Furthermore, when expression of the cognate MMPs in BPH and pAdC were compared, Chi-square analyses revealed no significant difference for MMP3 (p=0.213), MMP2 (p=0.381) or MMP9 (p=0.714) between BPH and pAdC. On the other hand, significant differences in expression of all but one of the SIBLINGs were noted between BPH and pAdC. There was significant upregulation of OPN (X2 = 25.710, p<0.001), BSP (X2 = 19.546, p<0.001), and DSPP (X2 = 8.720, p=0.003) in pAdC compared with BPHs, whereas MEPE was significantly upregulated in BPH (X2 = 44.153, p<0.001) compared with expression in pAdCs. There was no significant difference for DMP1 expression (p=0.274) between BPH and pAdC.

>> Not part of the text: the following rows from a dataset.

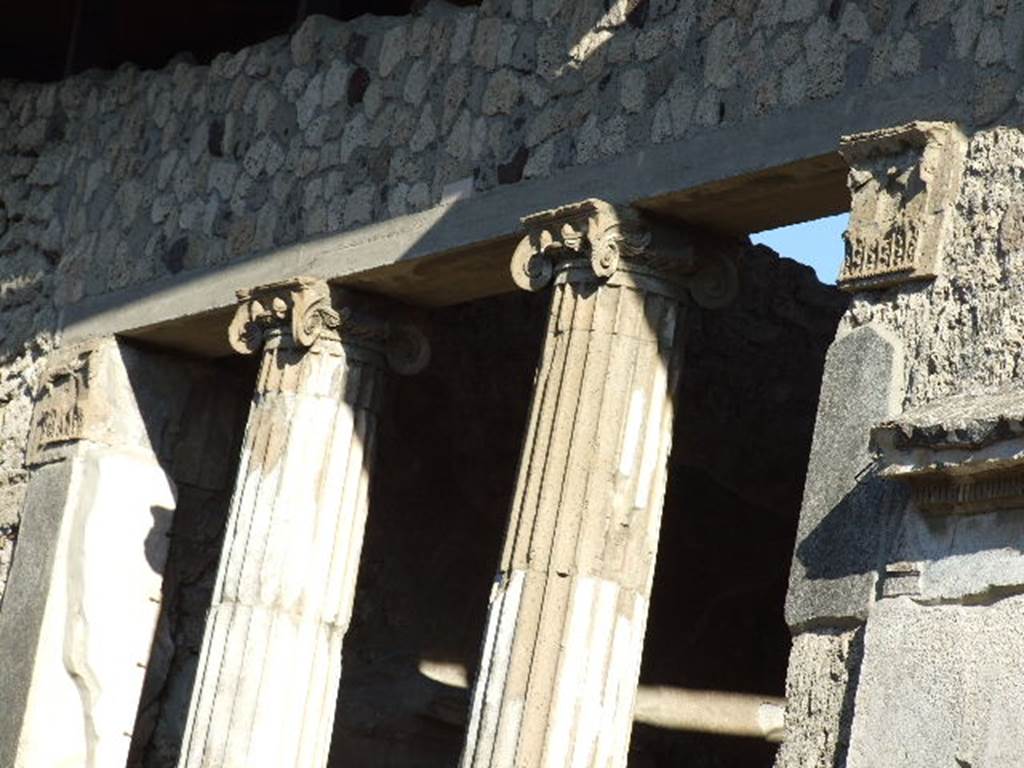IX.1.20 Pompeii. December 2006. Capitals on east side of atrium.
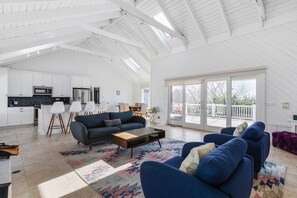 Light filled spacious great room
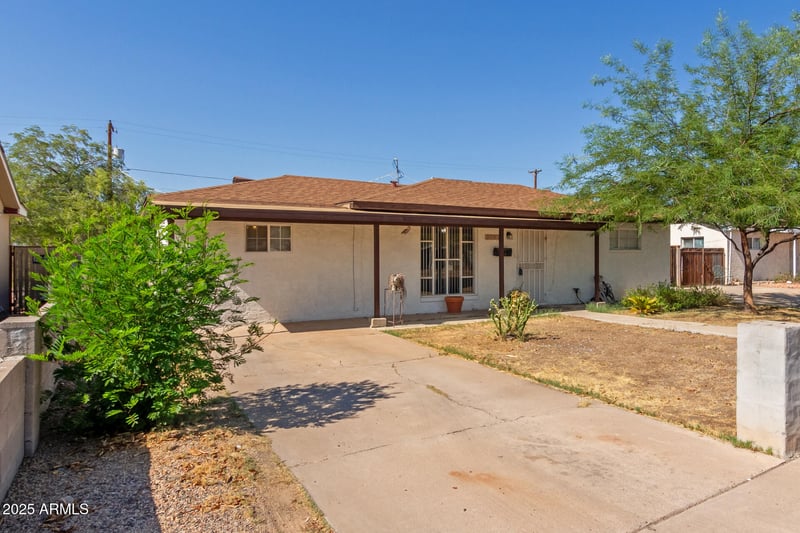 2752 Royal Palm Rd, Phoenix, AZ 85051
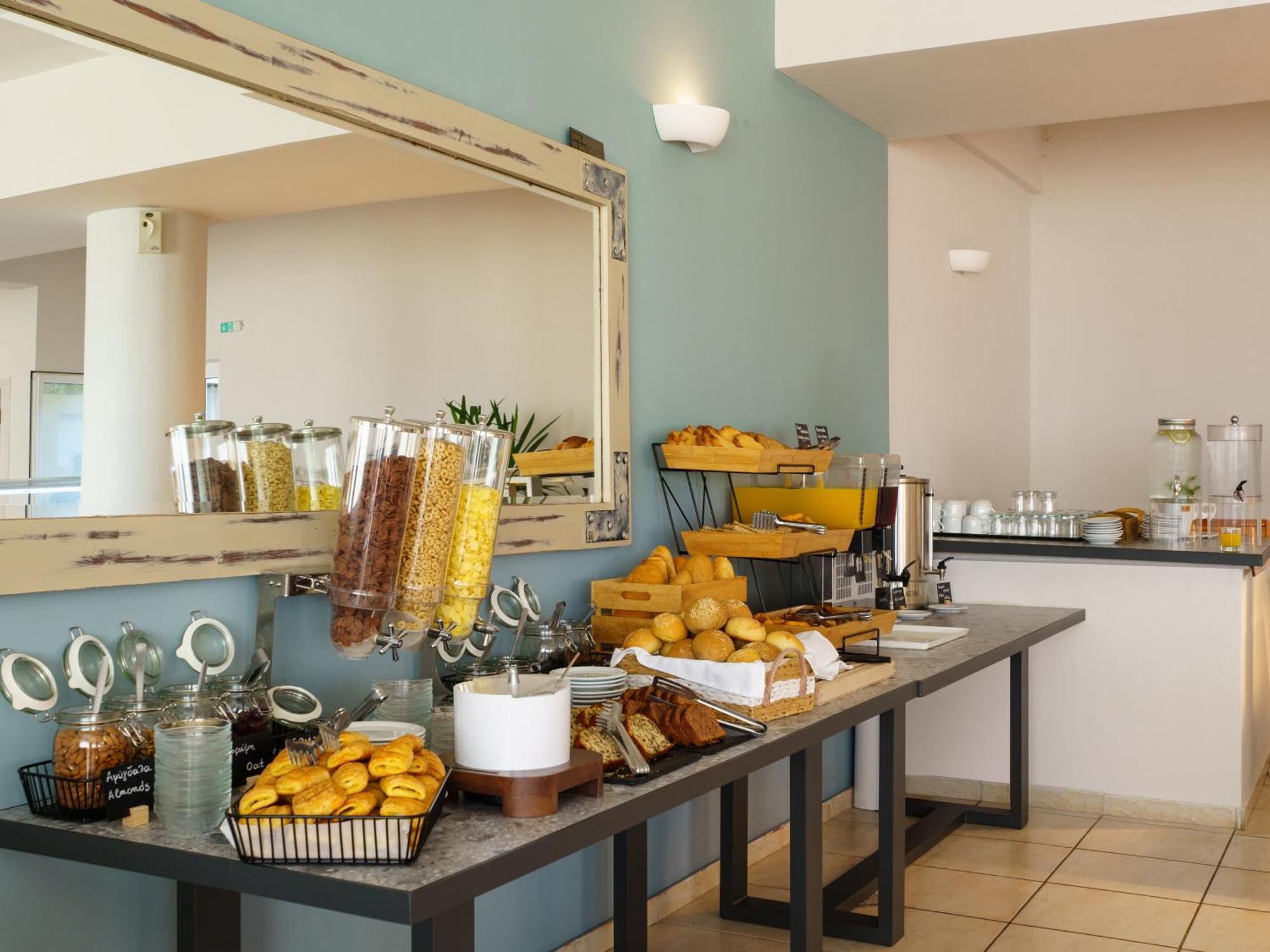 Niforeika Beach Hotel Εξωτερικό φωτογραφία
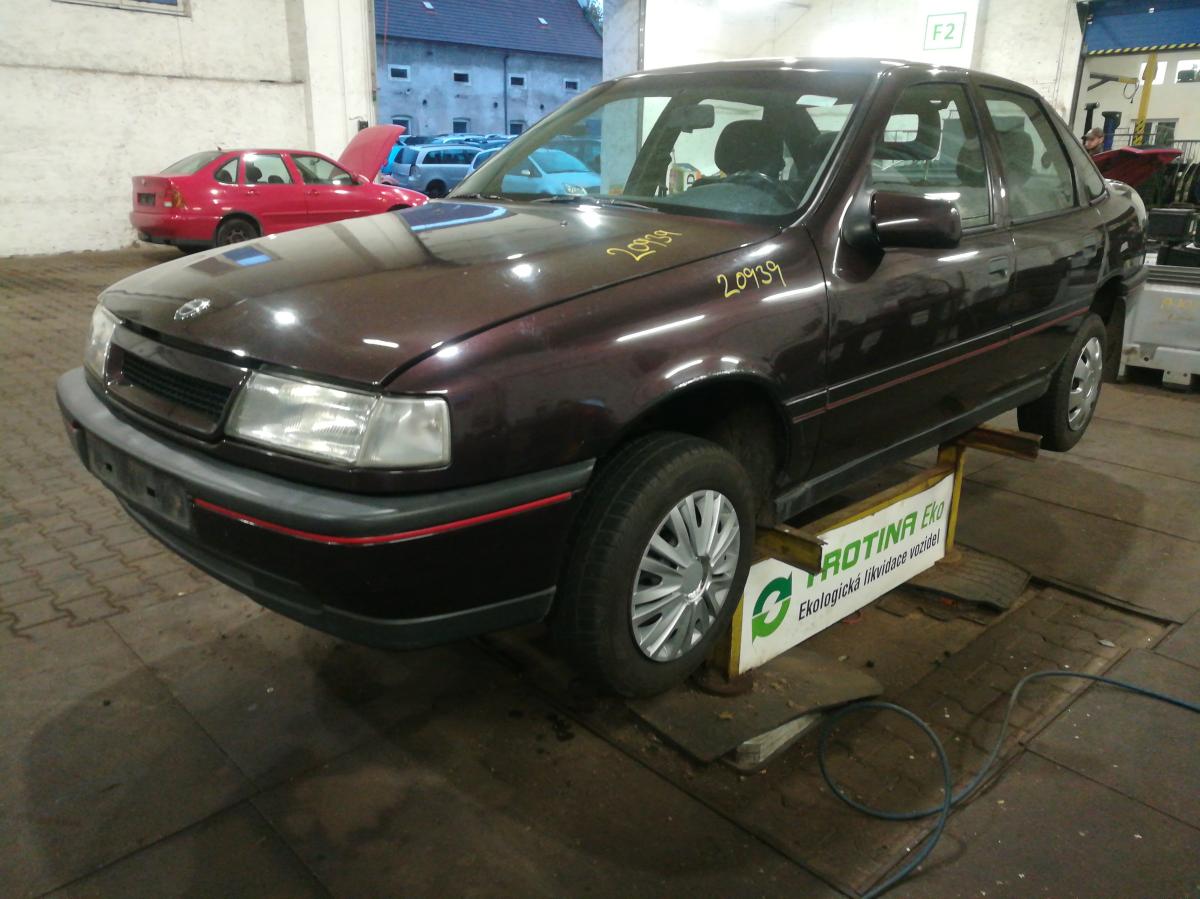 OPEL VECTRA 1990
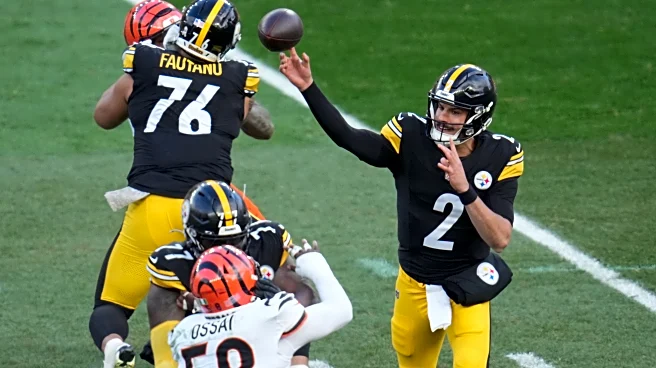 Steelers QB Aaron Rodgers and his broken wrist could still play against the Bears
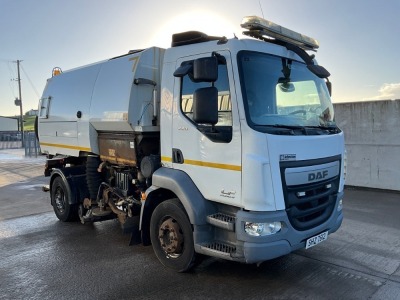 DAF LF220 EURO 6 15 TON 4X2 JOHNSTON ROAD SWEEPER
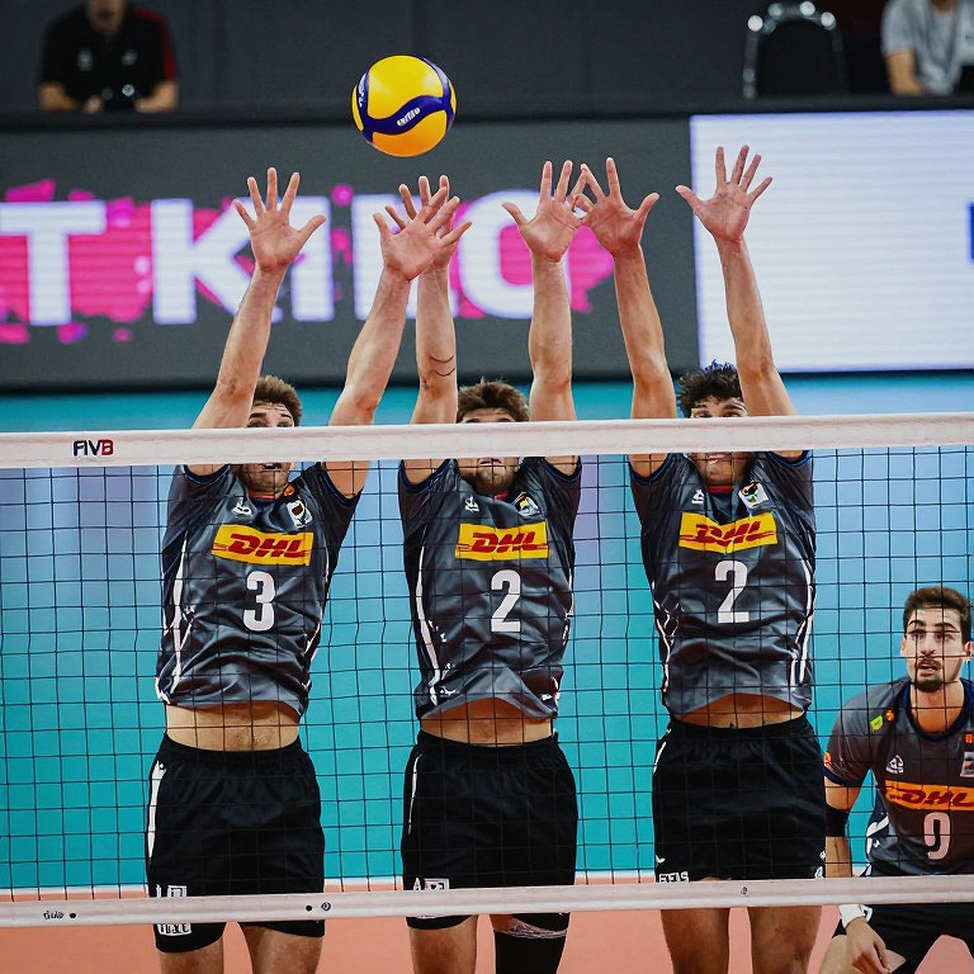 Giải thưởng MOP bóng chuyền nữ NCAA: 30 năm nhìn lại và tín hiệu bị bỏ quên Giải thưởng MOP bóng chuyền nữ NCAA: 30 năm nhìn lại và tín hiệu bị bỏ quên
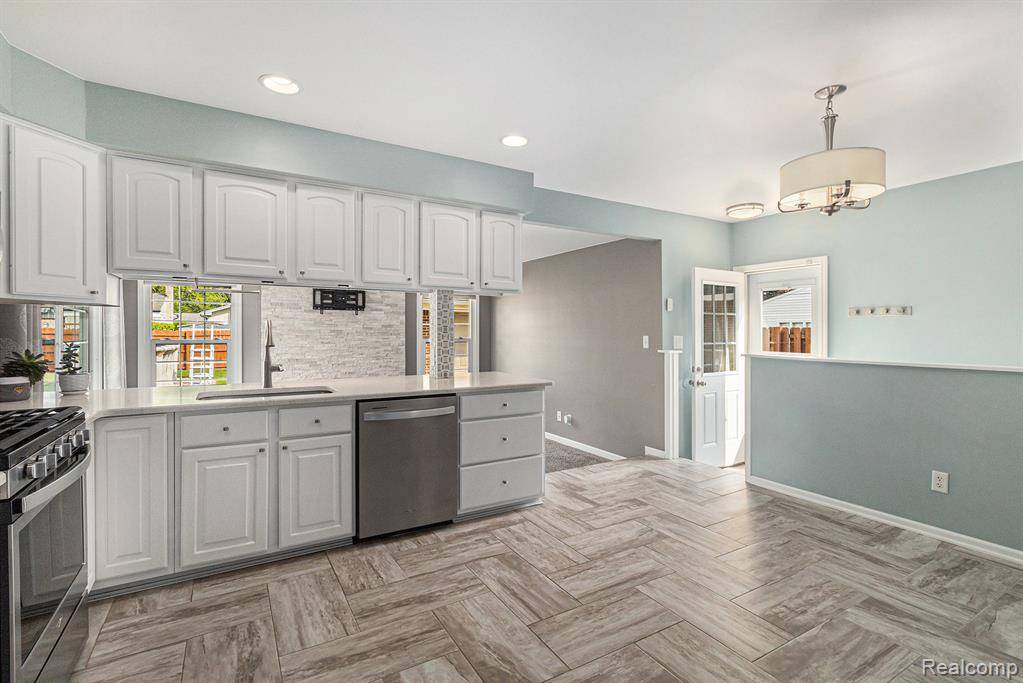 Sterling Heights, MI 48313,39408 Atkinson Drive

As shown in Figure 3 western blot analysis, all five SIBLING family members were present in all six cell lines, normal and cancer derived, although markedly lower/basal levels of each was noted in the normal derived (HuPepiC, RWPE1, WPE1-NB26) cells compared to cancer derived (PC3, LNCap, Du145) cells (Figures 3A, 3B). Notably, DSPP levels were significantly higher in cancer derived cells, PC3 and LNCap, than in the rest of the cell lines (Figures 3A, 3B). mRNA levels of OPN were distinctly higher in HupepiC and PC3 cells, while barely detectable in the other four cell lines, whereas BSP level was distinctly high in PC3 cells than in other cell lines (Figure 3C). MEPE mRNA level in LNCap cells was distinctly high while barely detectable, or very low, in other cell lines. Except for the PC3 and WPE1-N26 cells, where DSPP mRNAs were detectable, DSPP mRNAs were undetectable in the other four cell lines (Figure 3C). DMP1 mRNAs were not detectable in all cell lines except for WPE1-NB26 and LNCap where levels were low but detectable (Figure 3C).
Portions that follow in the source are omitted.